> Directions: Only one part of the listing is needed: the lines from the one with "this 250×188 image." through the last line, copied exactly and free of pictures.

> Records for this exercise:

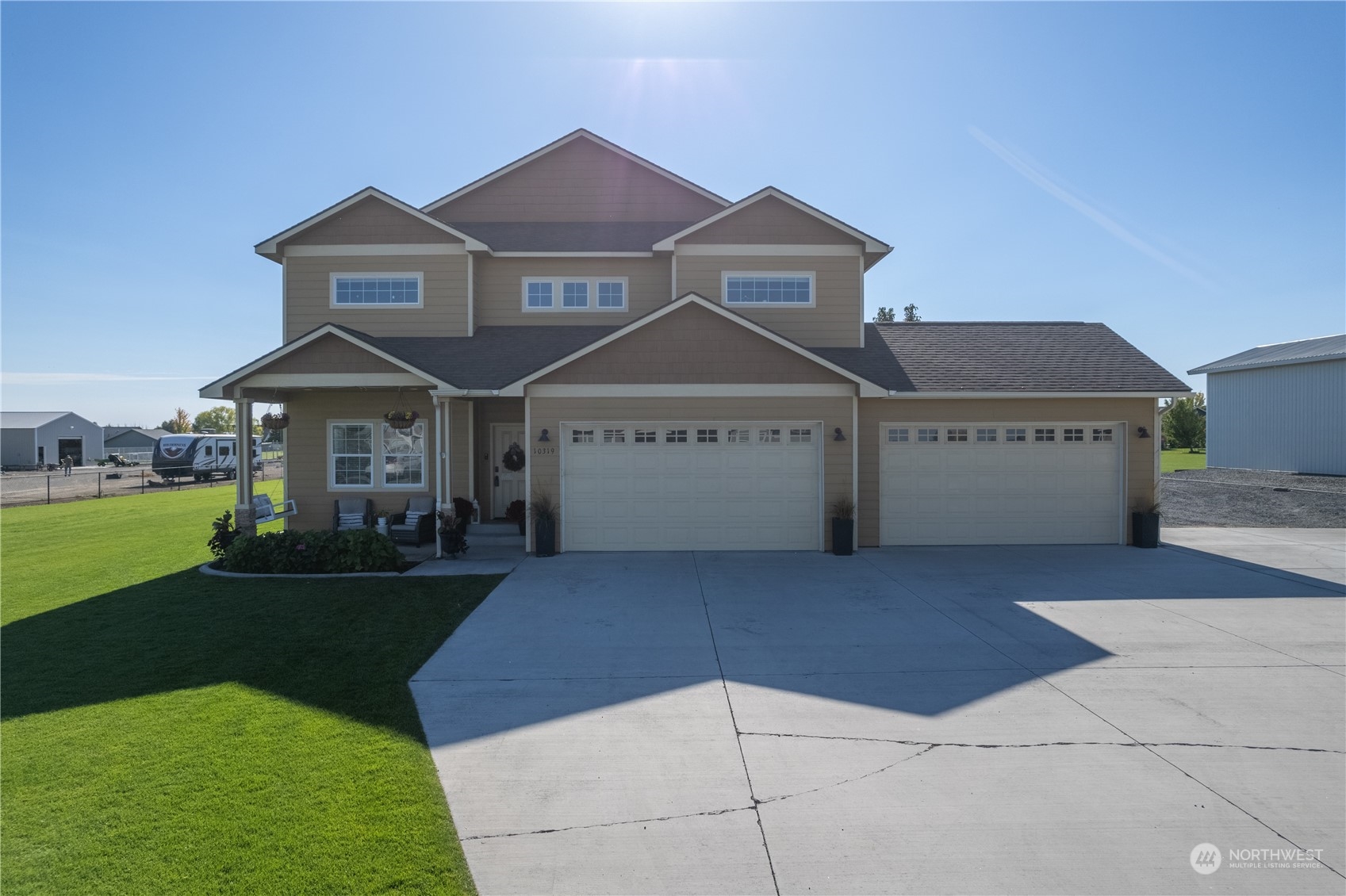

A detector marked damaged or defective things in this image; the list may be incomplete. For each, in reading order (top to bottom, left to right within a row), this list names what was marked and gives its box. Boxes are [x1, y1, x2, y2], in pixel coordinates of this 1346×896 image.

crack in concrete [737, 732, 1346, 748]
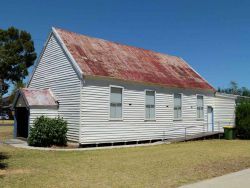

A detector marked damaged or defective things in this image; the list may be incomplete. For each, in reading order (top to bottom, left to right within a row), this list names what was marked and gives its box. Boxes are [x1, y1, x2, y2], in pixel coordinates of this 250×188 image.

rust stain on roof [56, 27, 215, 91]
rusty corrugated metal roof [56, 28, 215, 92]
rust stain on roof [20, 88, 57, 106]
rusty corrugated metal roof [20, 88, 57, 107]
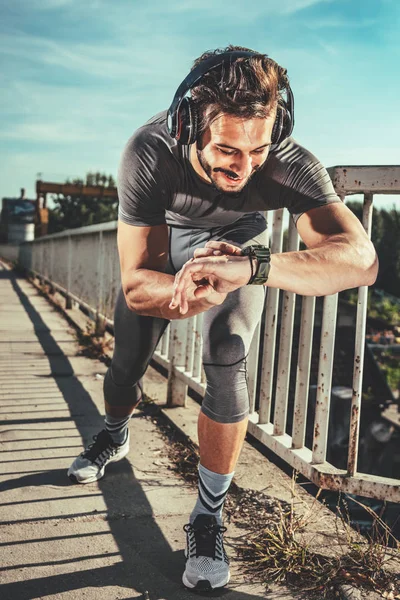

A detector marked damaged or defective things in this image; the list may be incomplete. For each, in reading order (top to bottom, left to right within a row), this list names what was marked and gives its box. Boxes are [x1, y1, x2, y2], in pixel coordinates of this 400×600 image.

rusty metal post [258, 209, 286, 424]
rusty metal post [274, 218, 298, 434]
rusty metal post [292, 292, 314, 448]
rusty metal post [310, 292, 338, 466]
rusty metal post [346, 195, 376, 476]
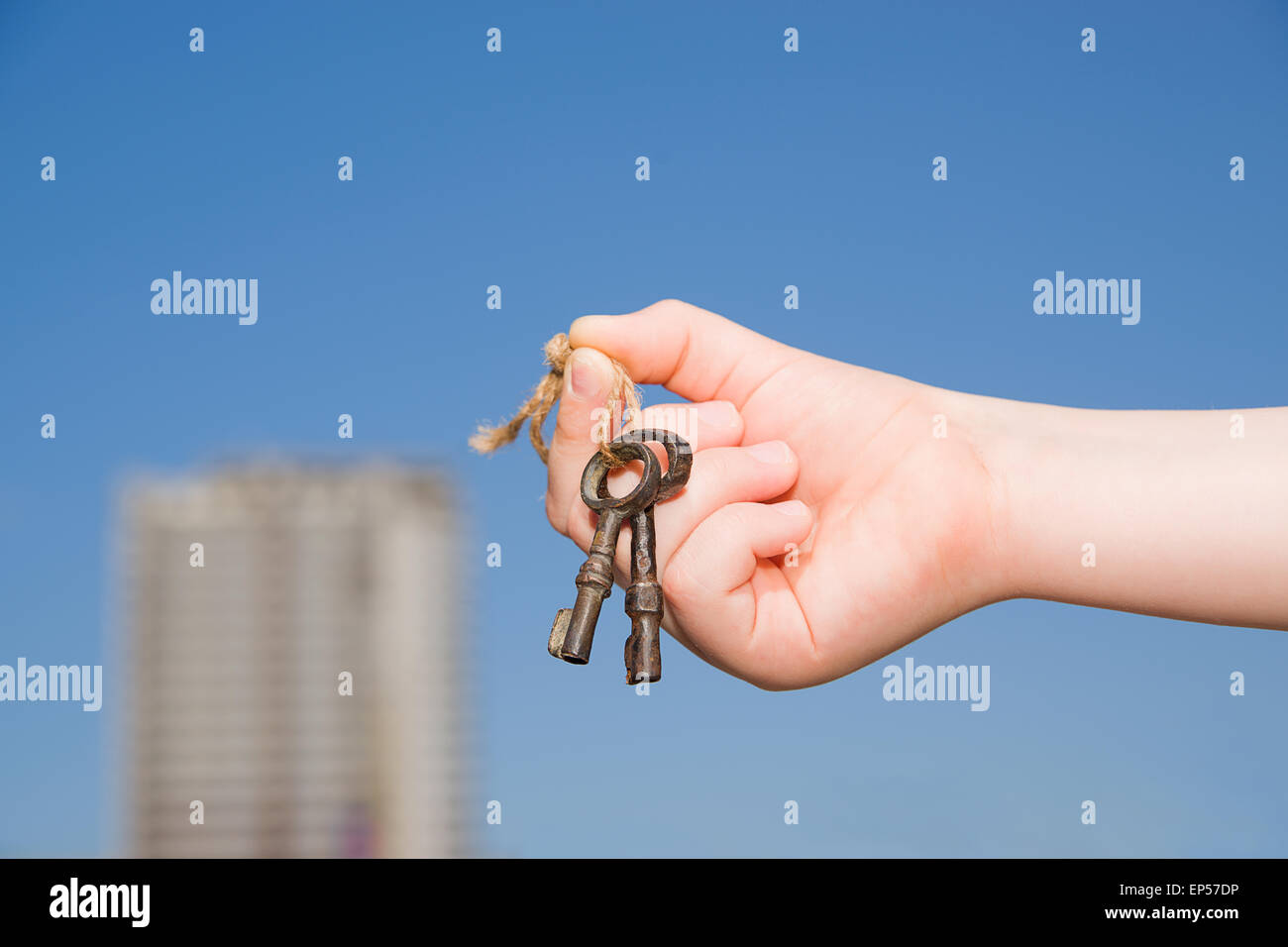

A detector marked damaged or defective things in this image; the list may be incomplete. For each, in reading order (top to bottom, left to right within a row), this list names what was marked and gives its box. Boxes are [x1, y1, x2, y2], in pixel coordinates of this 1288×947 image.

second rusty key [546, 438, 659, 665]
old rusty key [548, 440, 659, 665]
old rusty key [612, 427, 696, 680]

> Response area:
A detector marked damaged or defective things in this image; the list may be incomplete. For each, in reading order (top to bottom, left to right within a row), this list names what was marked and gives its box. Boxes are [x1, y1, x2, y2], in pixel coordinates of this 250×188 image.

rust stain on roof [56, 27, 215, 91]
rusty corrugated metal roof [56, 28, 215, 92]
rust stain on roof [20, 88, 57, 106]
rusty corrugated metal roof [20, 88, 57, 107]

A detector marked damaged or defective things in this image; the list may be incomplete. For each, in reading order (top to bottom, left to right within a row), this list names what was marked and gives its box. Boxes are [x1, y1, x2, y2], in pixel coordinates of this 400×600 image.

rusty metal post [258, 209, 286, 424]
rusty metal post [274, 218, 298, 434]
rusty metal post [292, 292, 314, 448]
rusty metal post [310, 292, 338, 466]
rusty metal post [346, 195, 376, 476]

A detector marked damaged or defective things in this image; the list may be incomplete. For each, in reading order (top to bottom, left to right within a row), this list names what was marked and gives its box. Boxes are [x1, y1, x2, y2], in pixel coordinates of this 1288×947 image.

second rusty key [546, 438, 659, 665]
old rusty key [548, 440, 659, 665]
old rusty key [612, 427, 696, 680]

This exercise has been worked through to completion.